En escena desprende una cierta inocencia, se mueve por el escenario como una vaporosa hada blanca, da la sensación que coreografiándose a sí misma antes que nada. Y siempre regalando una sonrisa deslumbrante al espectador. Su concierto se movió en términos cálidos sin estridencias ni auditivas ni visuales. Abunda en la penumbra sensorial y saca partido de sus bazas, sea sola cantando a capella, incluso sin microfonía, en pequeñas combinaciones de elementos y completamente ajena al ruido espectacular. Como decía en una reciente entrevista, intenta, y consigue, que 1500 personas se sienten a su lado como alrededor de una hoguera.
Con ella llegó un delicioso quinteto, donde encontramos nombres conocidos como el del percusionista y steel Borja Barrueta (que estuvo aquí hace nada en el ciclo Dejazz), o nuestro clarinetista Joaquín Sánchez. Ambos piezas esenciales en lo escuchado, porque las percusiones, por momentos con aires andinos, (también suena el tan folk pandero cuadrado), y el misterioso y reptante clarinete bajo dan personalidad a muchos arreglos.
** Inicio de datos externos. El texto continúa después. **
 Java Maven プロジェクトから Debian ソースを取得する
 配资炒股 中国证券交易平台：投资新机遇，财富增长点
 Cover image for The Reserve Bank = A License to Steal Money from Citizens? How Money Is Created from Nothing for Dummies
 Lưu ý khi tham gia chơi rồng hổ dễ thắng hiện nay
El resto de la banda ejerce en varios puestos, así la teclista Meritxell Neddermann, como la violinista (y charango) María de la Flor acompañan vocalmente algunas piezas. Su productor Campi Campón también toca de todo al fondo de cerco luminoso, en cuyo centro Valeria hace lo propio con guitarra, timple de seis cuerdas y pandero. Aunque siendo justos hubo un sexto elemento imprescindible, el silencio, vital para la profundidad abisal de sus interpretaciones y para el vértigo de algunas comas, y puntos finales.
Recortada sobre la oscuridad ‘Devota’ fue la casilla de salida, sola y solmene. Pura poesía. Algunos momentos excepcionales serían posteriormente la hiperdramática ‘La Soledad’; ‘Honestamente’ con su guiño a Chavela; ‘Parecido a quererte’, todo un tratado de superación ("esta historia ya se evapora, bendita la hora, que aprendí que hay quien sí me valora"; ‘Guerrera’, inspirada y dedicada a su madre y abuela, por extensión a todas las mujeres, o ‘Raíz’, compuesta cuando el volcán Cumbre Vieja arrasaba su tierra.